Data entries:
################

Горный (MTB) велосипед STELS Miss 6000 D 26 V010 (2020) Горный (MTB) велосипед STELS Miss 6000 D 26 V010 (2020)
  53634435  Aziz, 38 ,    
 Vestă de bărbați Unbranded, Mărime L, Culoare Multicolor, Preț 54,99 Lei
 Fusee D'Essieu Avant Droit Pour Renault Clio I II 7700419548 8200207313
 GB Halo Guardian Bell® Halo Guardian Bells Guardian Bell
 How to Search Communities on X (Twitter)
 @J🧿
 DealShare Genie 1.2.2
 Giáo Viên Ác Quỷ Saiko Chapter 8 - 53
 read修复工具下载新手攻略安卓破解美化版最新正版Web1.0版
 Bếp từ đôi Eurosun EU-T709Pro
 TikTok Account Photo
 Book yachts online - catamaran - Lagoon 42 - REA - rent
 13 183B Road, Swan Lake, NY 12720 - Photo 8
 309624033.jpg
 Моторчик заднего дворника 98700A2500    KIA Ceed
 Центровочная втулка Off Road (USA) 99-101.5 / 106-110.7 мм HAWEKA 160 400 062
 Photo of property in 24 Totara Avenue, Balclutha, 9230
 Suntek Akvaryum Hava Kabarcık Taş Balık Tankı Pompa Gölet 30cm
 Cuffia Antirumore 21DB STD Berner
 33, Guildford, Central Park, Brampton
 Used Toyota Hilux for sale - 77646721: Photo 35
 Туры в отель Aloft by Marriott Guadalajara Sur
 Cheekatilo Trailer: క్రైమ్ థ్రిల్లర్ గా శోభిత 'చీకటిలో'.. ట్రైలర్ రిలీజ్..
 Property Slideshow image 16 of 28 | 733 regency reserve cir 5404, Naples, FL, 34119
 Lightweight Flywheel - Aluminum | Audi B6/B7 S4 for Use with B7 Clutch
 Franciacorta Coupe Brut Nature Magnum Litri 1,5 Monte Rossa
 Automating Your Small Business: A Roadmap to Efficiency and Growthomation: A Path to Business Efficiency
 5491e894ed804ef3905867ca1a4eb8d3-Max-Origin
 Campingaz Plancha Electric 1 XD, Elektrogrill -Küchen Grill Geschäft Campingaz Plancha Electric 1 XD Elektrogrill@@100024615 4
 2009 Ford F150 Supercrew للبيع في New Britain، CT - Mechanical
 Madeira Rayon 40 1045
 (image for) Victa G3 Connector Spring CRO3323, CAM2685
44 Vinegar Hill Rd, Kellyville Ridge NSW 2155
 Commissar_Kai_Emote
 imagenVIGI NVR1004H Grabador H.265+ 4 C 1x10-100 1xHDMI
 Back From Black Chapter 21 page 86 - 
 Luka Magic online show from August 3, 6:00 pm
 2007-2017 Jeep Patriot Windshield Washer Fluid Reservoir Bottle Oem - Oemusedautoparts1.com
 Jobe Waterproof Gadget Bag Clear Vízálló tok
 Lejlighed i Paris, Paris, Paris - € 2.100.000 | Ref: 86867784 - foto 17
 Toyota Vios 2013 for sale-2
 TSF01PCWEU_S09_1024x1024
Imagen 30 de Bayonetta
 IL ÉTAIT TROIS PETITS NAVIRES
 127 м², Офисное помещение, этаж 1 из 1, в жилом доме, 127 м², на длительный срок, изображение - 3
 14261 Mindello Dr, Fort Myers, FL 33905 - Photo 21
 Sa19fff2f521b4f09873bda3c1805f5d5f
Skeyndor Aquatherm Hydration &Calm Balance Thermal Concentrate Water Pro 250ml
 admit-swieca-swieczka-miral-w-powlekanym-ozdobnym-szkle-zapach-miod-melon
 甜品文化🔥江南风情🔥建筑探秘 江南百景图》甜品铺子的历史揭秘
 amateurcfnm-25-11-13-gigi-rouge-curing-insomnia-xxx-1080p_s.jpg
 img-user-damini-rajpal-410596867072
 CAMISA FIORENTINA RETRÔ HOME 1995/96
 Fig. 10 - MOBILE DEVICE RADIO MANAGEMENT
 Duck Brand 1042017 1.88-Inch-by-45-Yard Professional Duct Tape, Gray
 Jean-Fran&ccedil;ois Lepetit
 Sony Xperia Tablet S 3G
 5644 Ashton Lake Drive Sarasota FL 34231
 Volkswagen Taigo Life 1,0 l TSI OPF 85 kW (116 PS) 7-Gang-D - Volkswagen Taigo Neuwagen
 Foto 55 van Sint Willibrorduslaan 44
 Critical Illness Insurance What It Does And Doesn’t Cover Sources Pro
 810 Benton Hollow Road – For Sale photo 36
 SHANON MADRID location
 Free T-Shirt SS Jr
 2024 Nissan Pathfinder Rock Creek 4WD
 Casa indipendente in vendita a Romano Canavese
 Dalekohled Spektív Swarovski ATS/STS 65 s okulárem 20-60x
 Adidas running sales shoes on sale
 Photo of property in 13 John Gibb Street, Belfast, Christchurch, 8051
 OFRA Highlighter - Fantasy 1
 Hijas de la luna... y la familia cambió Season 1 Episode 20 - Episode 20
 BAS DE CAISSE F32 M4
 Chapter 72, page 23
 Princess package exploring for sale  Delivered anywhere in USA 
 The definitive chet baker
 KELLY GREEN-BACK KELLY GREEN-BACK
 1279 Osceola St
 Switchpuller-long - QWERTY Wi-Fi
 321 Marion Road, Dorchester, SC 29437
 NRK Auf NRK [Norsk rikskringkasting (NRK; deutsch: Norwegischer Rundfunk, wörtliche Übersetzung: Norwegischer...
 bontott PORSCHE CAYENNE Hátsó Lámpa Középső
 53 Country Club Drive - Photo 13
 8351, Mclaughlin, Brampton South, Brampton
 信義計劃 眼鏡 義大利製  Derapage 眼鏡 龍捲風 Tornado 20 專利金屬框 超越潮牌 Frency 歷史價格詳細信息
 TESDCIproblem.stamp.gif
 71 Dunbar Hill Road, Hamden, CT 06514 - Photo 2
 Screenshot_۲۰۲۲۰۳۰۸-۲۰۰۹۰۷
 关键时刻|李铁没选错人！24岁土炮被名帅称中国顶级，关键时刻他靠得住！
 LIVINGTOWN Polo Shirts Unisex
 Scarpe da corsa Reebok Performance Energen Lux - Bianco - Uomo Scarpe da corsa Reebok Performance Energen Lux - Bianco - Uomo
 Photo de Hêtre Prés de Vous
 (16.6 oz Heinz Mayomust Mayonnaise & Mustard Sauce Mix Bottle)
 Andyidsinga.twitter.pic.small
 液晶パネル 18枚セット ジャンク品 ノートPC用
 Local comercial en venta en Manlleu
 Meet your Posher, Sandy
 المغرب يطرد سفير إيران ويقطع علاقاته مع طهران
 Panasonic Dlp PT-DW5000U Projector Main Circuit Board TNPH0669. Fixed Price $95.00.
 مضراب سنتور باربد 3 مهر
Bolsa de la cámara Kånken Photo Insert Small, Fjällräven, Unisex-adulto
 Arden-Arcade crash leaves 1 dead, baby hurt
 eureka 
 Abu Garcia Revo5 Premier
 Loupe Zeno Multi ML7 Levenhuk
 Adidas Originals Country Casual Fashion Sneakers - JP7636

################

_Exercise prompt:_ Write the entries out once more, exactly as they were given.

_Exercise output:_
Горный (MTB) велосипед STELS Miss 6000 D 26 V010 (2020) Горный (MTB) велосипед STELS Miss 6000 D 26 V010 (2020)
  53634435  Aziz, 38 ,    
 Vestă de bărbați Unbranded, Mărime L, Culoare Multicolor, Preț 54,99 Lei
 Fusee D'Essieu Avant Droit Pour Renault Clio I II 7700419548 8200207313
 GB Halo Guardian Bell® Halo Guardian Bells Guardian Bell
 How to Search Communities on X (Twitter)
 @J🧿
 DealShare Genie 1.2.2
 Giáo Viên Ác Quỷ Saiko Chapter 8 - 53
 read修复工具下载新手攻略安卓破解美化版最新正版Web1.0版
 Bếp từ đôi Eurosun EU-T709Pro
 TikTok Account Photo
 Book yachts online - catamaran - Lagoon 42 - REA - rent
 13 183B Road, Swan Lake, NY 12720 - Photo 8
 309624033.jpg
 Моторчик заднего дворника 98700A2500    KIA Ceed
 Центровочная втулка Off Road (USA) 99-101.5 / 106-110.7 мм HAWEKA 160 400 062
 Photo of property in 24 Totara Avenue, Balclutha, 9230
 Suntek Akvaryum Hava Kabarcık Taş Balık Tankı Pompa Gölet 30cm
 Cuffia Antirumore 21DB STD Berner
 33, Guildford, Central Park, Brampton
 Used Toyota Hilux for sale - 77646721: Photo 35
 Туры в отель Aloft by Marriott Guadalajara Sur
 Cheekatilo Trailer: క్రైమ్ థ్రిల్లర్ గా శోభిత 'చీకటిలో'.. ట్రైలర్ రిలీజ్..
 Property Slideshow image 16 of 28 | 733 regency reserve cir 5404, Naples, FL, 34119
 Lightweight Flywheel - Aluminum | Audi B6/B7 S4 for Use with B7 Clutch
 Franciacorta Coupe Brut Nature Magnum Litri 1,5 Monte Rossa
 Automating Your Small Business: A Roadmap to Efficiency and Growthomation: A Path to Business Efficiency
 5491e894ed804ef3905867ca1a4eb8d3-Max-Origin
 Campingaz Plancha Electric 1 XD, Elektrogrill -Küchen Grill Geschäft Campingaz Plancha Electric 1 XD Elektrogrill@@100024615 4
 2009 Ford F150 Supercrew للبيع في New Britain، CT - Mechanical
 Madeira Rayon 40 1045
 (image for) Victa G3 Connector Spring CRO3323, CAM2685
44 Vinegar Hill Rd, Kellyville Ridge NSW 2155
 Commissar_Kai_Emote
 imagenVIGI NVR1004H Grabador H.265+ 4 C 1x10-100 1xHDMI
 Back From Black Chapter 21 page 86 - 
 Luka Magic online show from August 3, 6:00 pm
 2007-2017 Jeep Patriot Windshield Washer Fluid Reservoir Bottle Oem - Oemusedautoparts1.com
 Jobe Waterproof Gadget Bag Clear Vízálló tok
 Lejlighed i Paris, Paris, Paris - € 2.100.000 | Ref: 86867784 - foto 17
 Toyota Vios 2013 for sale-2
 TSF01PCWEU_S09_1024x1024
Imagen 30 de Bayonetta
 IL ÉTAIT TROIS PETITS NAVIRES
 127 м², Офисное помещение, этаж 1 из 1, в жилом доме, 127 м², на длительный срок, изображение - 3
 14261 Mindello Dr, Fort Myers, FL 33905 - Photo 21
 Sa19fff2f521b4f09873bda3c1805f5d5f
Skeyndor Aquatherm Hydration &Calm Balance Thermal Concentrate Water Pro 250ml
 admit-swieca-swieczka-miral-w-powlekanym-ozdobnym-szkle-zapach-miod-melon
 甜品文化🔥江南风情🔥建筑探秘 江南百景图》甜品铺子的历史揭秘
 amateurcfnm-25-11-13-gigi-rouge-curing-insomnia-xxx-1080p_s.jpg
 img-user-damini-rajpal-410596867072
 CAMISA FIORENTINA RETRÔ HOME 1995/96
 Fig. 10 - MOBILE DEVICE RADIO MANAGEMENT
 Duck Brand 1042017 1.88-Inch-by-45-Yard Professional Duct Tape, Gray
 Jean-Fran&ccedil;ois Lepetit
 Sony Xperia Tablet S 3G
 5644 Ashton Lake Drive Sarasota FL 34231
 Volkswagen Taigo Life 1,0 l TSI OPF 85 kW (116 PS) 7-Gang-D - Volkswagen Taigo Neuwagen
 Foto 55 van Sint Willibrorduslaan 44
 Critical Illness Insurance What It Does And Doesn’t Cover Sources Pro
 810 Benton Hollow Road – For Sale photo 36
 SHANON MADRID location
 Free T-Shirt SS Jr
 2024 Nissan Pathfinder Rock Creek 4WD
 Casa indipendente in vendita a Romano Canavese
 Dalekohled Spektív Swarovski ATS/STS 65 s okulárem 20-60x
 Adidas running sales shoes on sale
 Photo of property in 13 John Gibb Street, Belfast, Christchurch, 8051
 OFRA Highlighter - Fantasy 1
 Hijas de la luna... y la familia cambió Season 1 Episode 20 - Episode 20
 BAS DE CAISSE F32 M4
 Chapter 72, page 23
 Princess package exploring for sale  Delivered anywhere in USA 
 The definitive chet baker
 KELLY GREEN-BACK KELLY GREEN-BACK
 1279 Osceola St
 Switchpuller-long - QWERTY Wi-Fi
 321 Marion Road, Dorchester, SC 29437
 NRK Auf NRK [Norsk rikskringkasting (NRK; deutsch: Norwegischer Rundfunk, wörtliche Übersetzung: Norwegischer...
 bontott PORSCHE CAYENNE Hátsó Lámpa Középső
 53 Country Club Drive - Photo 13
 8351, Mclaughlin, Brampton South, Brampton
 信義計劃 眼鏡 義大利製  Derapage 眼鏡 龍捲風 Tornado 20 專利金屬框 超越潮牌 Frency 歷史價格詳細信息
 TESDCIproblem.stamp.gif
 71 Dunbar Hill Road, Hamden, CT 06514 - Photo 2
 Screenshot_۲۰۲۲۰۳۰۸-۲۰۰۹۰۷
 关键时刻|李铁没选错人！24岁土炮被名帅称中国顶级，关键时刻他靠得住！
 LIVINGTOWN Polo Shirts Unisex
 Scarpe da corsa Reebok Performance Energen Lux - Bianco - Uomo Scarpe da corsa Reebok Performance Energen Lux - Bianco - Uomo
 Photo de Hêtre Prés de Vous
 (16.6 oz Heinz Mayomust Mayonnaise & Mustard Sauce Mix Bottle)
 Andyidsinga.twitter.pic.small
 液晶パネル 18枚セット ジャンク品 ノートPC用
 Local comercial en venta en Manlleu
 Meet your Posher, Sandy
 المغرب يطرد سفير إيران ويقطع علاقاته مع طهران
 Panasonic Dlp PT-DW5000U Projector Main Circuit Board TNPH0669. Fixed Price $95.00.
 مضراب سنتور باربد 3 مهر
Bolsa de la cámara Kånken Photo Insert Small, Fjällräven, Unisex-adulto
 Arden-Arcade crash leaves 1 dead, baby hurt
 eureka 
 Abu Garcia Revo5 Premier
 Loupe Zeno Multi ML7 Levenhuk
 Adidas Originals Country Casual Fashion Sneakers - JP7636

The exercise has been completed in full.